Hilda Simmons había sido muy explícita con ella. Y había esbozado una sonrisa burlona cuando le respondió:

–No te preocupes, lo reconocerás enseguida. Ryan Ellison entrará en el aeropuuerto como si fuera su propietario. Todas las mujeres se volverán a mirarlo. Es un hombre que destacaría en medio de una multitud. Supongo que será su éxito el culpable de ese aire de autoconfianza que tiene.

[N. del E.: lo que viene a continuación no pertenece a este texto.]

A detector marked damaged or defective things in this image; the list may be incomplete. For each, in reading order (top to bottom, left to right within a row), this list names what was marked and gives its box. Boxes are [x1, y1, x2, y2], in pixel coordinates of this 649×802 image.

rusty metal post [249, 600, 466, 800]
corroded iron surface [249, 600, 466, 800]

–Pero… ¿cómo es? –había insisitido Judy.

–Alto, de hombros anchos, cabello castaño rojizo. Pero no necesitas preocuparte de que no te reconozca… es a Robin a quien buscará. El hijo de Verna… ¿entiendes?

En aquel preciso instante, la voz de Robin interrumpió sus reflexiones.

–Judy… ¿el tío Ryan es tío mío de verdad, o es como el tío Alan?

La chica se movió incómoda en su asiento.

–Puedes olvidarte del tío Alan –le dijo con firmeza–. Ya no volverás a verlo.

–¿Por qué? –inquirió sorprendido.

–Porque no es una persona de fiar –se obligó a permanecer tranquila–, así que, por favor, no vuelvas a mencionar su nombre… nunca más. En cuanto al tío Ryan… no estoy segura de que sea tu tío de verdad –se daba cuenta de que el niño sabía muy poco de sus parientes, y de que por alguna razón su madre y su abuela le habían educado en un ambiente demasiado protegido, a salvo de todo riesgo–. Es posible que «tío» sólo sea un título de cortesía –añadió.

–¿Qué es «cortesía»?

–«Cortés» significa «educado», «amable» –le explicó con tono paciente–. Como tú sólo tienes seis años, y él es un hombre maduro, es más cortés que le llames «tío».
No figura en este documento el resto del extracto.